_PROBLEM_. Nothing but the lines below from the one with "Jamie Benn looking" through the one with "2288 Mud Pike" should be output, each exactly as given, and no pictures.

_THE DATA_.
::::
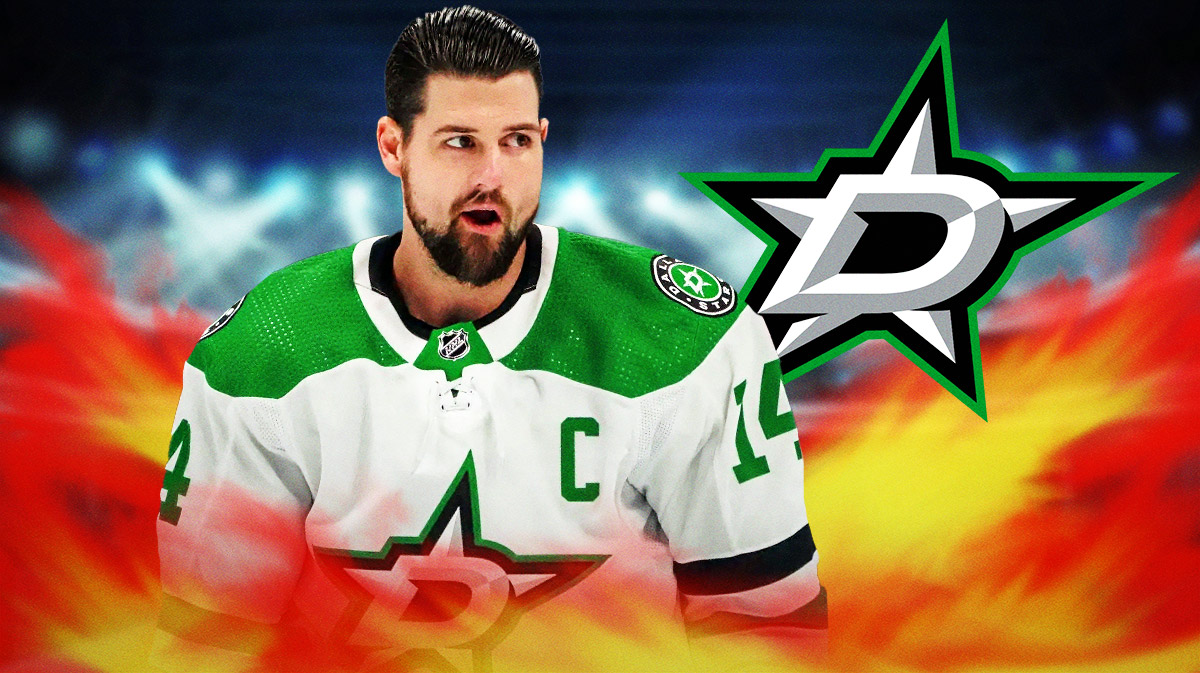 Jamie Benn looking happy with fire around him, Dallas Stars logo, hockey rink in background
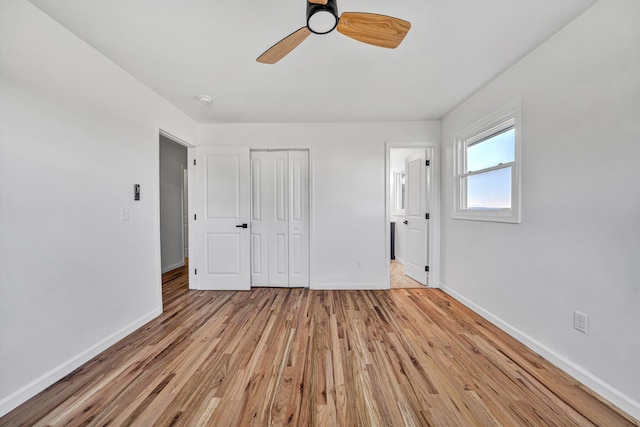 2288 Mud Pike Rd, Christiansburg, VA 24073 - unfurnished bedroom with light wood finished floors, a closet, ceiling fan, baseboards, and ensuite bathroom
::::
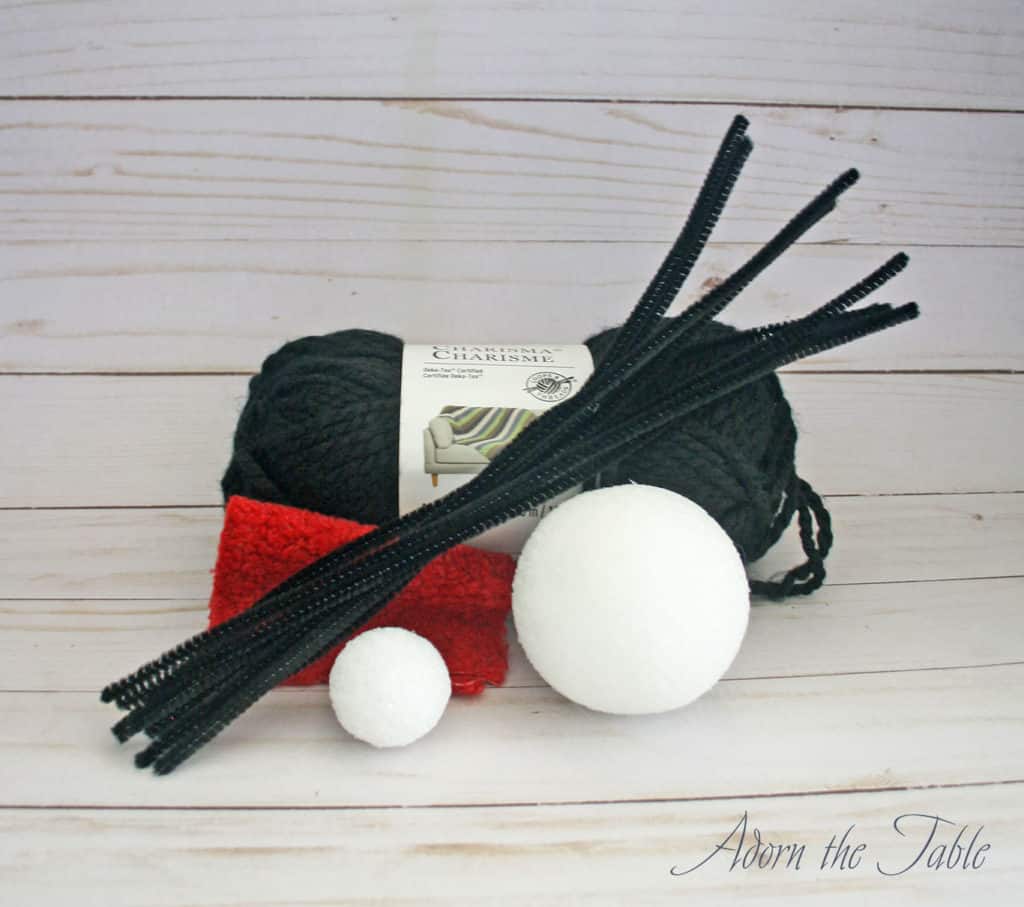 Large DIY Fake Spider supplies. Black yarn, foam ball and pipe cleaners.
::::
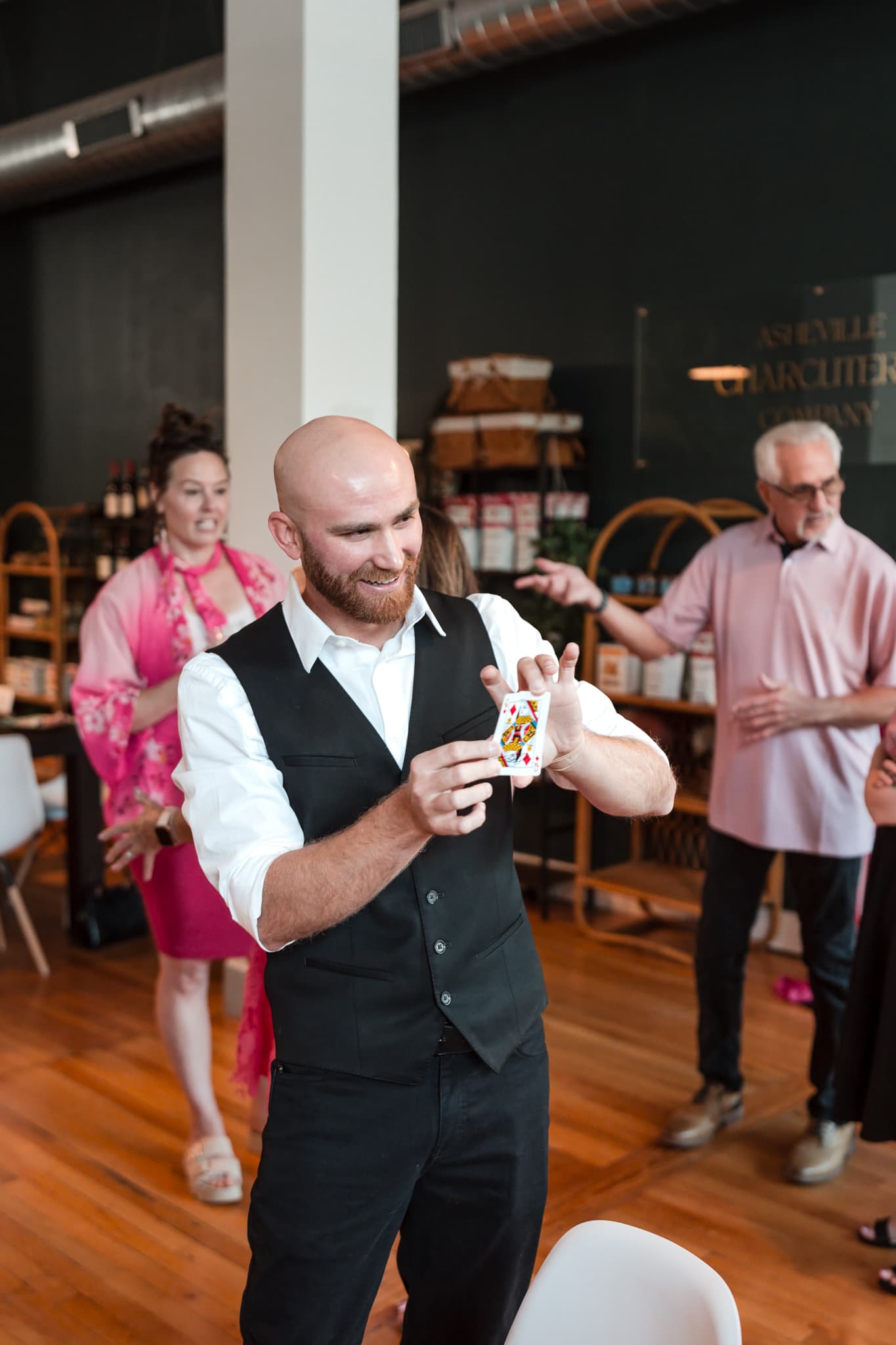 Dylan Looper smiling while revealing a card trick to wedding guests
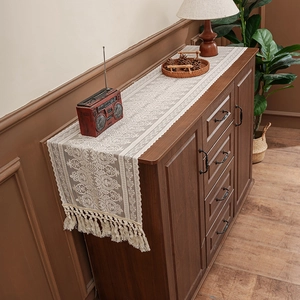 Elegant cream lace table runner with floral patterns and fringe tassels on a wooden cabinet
::::
_ANSWER BOX_.
 Jamie Benn looking happy with fire around him, Dallas Stars logo, hockey rink in background
 2288 Mud Pike Rd, Christiansburg, VA 24073 - unfurnished bedroom with light wood finished floors, a closet, ceiling fan, baseboards, and ensuite bathroom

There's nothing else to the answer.